> PROBLEM REQUIREMENTS
Reproduce exactly the lines of the material beneath, from the line that contains "Used 2024 Subaru" to the line that contains "Schwarz Tanzen Dakini", both included, and no other lines.

> EXERCISE INPUT

◇ ◇ ◇ ◇ ◇

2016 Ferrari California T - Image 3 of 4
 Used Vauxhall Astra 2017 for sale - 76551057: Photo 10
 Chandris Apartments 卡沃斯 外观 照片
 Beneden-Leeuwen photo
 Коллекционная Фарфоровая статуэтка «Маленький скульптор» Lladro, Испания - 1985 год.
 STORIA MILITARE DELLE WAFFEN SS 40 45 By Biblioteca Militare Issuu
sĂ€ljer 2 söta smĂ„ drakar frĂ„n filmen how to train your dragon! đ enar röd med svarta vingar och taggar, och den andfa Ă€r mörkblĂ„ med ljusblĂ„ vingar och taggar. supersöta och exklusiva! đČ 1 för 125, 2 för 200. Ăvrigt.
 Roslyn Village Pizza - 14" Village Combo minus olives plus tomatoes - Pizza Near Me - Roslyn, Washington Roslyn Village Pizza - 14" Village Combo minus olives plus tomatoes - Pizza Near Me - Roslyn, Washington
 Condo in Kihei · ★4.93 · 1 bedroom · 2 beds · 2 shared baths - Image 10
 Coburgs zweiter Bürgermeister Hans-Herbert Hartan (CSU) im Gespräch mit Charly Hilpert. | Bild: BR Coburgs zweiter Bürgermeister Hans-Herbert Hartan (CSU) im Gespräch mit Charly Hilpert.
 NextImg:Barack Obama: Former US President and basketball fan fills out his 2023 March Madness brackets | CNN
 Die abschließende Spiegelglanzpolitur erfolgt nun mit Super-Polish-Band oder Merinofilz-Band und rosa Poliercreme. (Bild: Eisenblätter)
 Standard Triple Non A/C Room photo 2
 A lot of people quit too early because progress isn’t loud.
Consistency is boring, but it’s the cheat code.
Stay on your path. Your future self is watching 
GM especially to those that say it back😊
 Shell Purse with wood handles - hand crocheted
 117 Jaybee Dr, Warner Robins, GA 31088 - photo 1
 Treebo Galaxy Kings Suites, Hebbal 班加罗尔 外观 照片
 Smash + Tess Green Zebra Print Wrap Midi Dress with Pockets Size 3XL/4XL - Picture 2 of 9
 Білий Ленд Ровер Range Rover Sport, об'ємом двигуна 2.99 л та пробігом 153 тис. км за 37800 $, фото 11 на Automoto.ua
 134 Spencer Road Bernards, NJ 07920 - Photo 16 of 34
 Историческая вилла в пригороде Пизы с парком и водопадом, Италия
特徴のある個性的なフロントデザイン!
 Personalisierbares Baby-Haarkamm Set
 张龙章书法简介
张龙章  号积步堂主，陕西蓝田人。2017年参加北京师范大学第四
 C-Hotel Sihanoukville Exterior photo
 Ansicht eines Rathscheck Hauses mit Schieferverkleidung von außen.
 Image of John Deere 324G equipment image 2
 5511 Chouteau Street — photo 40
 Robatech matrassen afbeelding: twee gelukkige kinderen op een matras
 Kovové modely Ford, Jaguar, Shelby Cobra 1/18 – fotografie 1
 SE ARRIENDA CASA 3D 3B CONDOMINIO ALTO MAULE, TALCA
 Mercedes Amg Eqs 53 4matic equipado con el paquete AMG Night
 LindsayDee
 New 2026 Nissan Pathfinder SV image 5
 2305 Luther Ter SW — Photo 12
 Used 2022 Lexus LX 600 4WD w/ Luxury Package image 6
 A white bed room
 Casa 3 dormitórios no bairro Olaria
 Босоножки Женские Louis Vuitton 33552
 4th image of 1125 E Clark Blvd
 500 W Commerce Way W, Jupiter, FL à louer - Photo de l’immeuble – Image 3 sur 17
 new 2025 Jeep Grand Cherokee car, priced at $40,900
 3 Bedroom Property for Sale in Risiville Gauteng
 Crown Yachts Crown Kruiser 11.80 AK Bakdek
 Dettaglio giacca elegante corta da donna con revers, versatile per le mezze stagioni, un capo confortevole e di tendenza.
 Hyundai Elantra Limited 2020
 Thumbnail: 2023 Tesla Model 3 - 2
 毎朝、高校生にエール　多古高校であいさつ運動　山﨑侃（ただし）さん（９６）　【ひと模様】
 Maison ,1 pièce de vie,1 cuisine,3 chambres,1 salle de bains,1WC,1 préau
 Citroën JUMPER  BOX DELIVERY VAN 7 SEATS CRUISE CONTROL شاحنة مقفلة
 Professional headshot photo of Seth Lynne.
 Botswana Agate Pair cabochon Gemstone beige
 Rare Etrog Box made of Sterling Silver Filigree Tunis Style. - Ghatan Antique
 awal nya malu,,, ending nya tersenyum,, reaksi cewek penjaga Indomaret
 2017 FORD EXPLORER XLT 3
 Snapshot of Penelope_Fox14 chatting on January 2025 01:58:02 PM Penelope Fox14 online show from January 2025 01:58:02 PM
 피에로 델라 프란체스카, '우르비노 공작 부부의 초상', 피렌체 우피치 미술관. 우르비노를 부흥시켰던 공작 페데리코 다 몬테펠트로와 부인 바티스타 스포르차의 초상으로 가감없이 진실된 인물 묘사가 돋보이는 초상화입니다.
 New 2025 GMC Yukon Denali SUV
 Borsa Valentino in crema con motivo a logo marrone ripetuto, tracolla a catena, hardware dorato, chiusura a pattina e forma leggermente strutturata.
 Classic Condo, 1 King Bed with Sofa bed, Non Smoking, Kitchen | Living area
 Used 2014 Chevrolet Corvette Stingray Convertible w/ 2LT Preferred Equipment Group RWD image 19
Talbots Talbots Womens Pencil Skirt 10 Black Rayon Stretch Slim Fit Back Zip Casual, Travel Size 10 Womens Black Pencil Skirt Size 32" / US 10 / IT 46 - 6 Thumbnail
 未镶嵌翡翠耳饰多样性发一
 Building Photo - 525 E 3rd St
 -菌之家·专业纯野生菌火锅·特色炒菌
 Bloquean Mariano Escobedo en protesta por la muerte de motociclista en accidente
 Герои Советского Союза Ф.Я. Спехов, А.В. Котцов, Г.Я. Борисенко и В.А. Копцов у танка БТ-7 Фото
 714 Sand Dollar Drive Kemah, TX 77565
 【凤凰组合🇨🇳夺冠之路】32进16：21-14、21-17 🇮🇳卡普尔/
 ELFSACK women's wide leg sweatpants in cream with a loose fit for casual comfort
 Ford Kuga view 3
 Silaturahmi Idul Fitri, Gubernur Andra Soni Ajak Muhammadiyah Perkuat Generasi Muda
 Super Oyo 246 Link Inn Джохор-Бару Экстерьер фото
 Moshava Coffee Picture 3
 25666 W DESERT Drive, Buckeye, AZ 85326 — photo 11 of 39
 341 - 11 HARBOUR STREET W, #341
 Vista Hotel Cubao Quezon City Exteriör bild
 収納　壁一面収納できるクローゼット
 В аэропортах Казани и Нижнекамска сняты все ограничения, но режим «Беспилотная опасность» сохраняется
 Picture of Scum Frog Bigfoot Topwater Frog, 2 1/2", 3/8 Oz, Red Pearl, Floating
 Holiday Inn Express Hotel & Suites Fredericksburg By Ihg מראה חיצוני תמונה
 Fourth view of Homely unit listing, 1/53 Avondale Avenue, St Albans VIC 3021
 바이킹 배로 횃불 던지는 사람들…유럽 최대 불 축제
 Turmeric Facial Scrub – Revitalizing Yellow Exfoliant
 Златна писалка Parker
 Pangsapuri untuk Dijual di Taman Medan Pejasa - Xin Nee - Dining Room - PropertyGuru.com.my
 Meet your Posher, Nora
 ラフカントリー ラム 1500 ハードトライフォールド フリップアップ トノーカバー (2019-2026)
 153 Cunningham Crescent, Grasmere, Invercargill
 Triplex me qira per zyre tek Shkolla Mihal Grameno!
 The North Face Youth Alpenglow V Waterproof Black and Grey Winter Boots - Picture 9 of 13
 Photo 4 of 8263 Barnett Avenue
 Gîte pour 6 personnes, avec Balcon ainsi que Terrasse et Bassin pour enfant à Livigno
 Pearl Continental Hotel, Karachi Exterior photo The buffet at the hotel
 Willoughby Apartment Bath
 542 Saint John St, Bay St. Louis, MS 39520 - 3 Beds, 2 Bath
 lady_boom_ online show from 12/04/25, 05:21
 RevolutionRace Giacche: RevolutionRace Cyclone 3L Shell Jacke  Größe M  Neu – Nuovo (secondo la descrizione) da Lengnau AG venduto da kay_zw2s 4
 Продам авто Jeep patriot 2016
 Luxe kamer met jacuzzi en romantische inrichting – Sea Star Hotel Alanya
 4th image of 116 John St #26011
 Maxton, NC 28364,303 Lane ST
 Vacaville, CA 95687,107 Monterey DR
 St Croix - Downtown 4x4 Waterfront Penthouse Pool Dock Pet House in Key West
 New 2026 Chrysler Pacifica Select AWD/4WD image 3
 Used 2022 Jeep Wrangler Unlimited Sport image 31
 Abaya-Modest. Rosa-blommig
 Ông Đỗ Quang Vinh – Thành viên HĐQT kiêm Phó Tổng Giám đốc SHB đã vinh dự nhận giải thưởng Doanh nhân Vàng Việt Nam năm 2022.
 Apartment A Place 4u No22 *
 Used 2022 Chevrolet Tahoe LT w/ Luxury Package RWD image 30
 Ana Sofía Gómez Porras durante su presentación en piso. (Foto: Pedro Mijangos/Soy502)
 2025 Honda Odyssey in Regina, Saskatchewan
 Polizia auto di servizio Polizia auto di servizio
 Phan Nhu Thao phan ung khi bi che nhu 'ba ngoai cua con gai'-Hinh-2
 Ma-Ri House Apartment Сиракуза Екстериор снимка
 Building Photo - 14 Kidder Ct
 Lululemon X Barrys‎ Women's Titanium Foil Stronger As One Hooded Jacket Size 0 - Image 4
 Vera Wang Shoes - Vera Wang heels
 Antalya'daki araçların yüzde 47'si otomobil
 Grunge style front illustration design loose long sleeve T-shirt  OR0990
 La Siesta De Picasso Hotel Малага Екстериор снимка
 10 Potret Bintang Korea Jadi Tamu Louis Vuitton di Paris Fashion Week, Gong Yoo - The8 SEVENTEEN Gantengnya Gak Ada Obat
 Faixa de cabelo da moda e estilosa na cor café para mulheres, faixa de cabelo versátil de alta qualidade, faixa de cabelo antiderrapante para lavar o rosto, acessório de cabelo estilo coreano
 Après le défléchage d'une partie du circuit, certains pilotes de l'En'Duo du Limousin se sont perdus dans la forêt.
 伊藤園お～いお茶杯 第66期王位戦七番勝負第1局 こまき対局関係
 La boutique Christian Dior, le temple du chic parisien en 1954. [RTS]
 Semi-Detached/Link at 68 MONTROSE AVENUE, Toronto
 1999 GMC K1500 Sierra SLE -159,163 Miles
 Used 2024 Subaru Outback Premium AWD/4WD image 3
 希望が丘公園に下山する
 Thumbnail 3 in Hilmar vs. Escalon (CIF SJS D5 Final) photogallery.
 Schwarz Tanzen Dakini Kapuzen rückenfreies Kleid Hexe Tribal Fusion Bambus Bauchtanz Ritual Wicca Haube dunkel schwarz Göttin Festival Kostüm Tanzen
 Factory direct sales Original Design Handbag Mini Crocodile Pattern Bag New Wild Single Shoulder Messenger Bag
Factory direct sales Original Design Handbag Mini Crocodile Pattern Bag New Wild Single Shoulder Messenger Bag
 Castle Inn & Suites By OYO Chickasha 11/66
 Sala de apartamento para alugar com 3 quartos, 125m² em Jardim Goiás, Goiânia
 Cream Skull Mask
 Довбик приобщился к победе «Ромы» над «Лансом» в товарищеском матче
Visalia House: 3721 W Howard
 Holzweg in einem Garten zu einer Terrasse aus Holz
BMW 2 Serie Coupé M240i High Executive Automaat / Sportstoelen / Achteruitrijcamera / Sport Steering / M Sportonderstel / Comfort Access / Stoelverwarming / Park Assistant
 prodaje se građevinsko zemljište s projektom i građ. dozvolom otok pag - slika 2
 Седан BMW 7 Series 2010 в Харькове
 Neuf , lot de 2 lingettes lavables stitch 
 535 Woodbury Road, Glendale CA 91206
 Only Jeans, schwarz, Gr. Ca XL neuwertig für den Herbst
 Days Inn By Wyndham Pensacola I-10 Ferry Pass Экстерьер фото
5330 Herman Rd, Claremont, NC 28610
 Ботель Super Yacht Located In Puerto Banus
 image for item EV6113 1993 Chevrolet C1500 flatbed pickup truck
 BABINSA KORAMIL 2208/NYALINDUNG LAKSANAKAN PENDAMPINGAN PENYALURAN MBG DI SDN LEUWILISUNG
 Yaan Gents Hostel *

◇ ◇ ◇ ◇ ◇

> RESULT BELOW
 Used 2024 Subaru Outback Premium AWD/4WD image 3
 希望が丘公園に下山する
 Thumbnail 3 in Hilmar vs. Escalon (CIF SJS D5 Final) photogallery.
 Schwarz Tanzen Dakini Kapuzen rückenfreies Kleid Hexe Tribal Fusion Bambus Bauchtanz Ritual Wicca Haube dunkel schwarz Göttin Festival Kostüm Tanzen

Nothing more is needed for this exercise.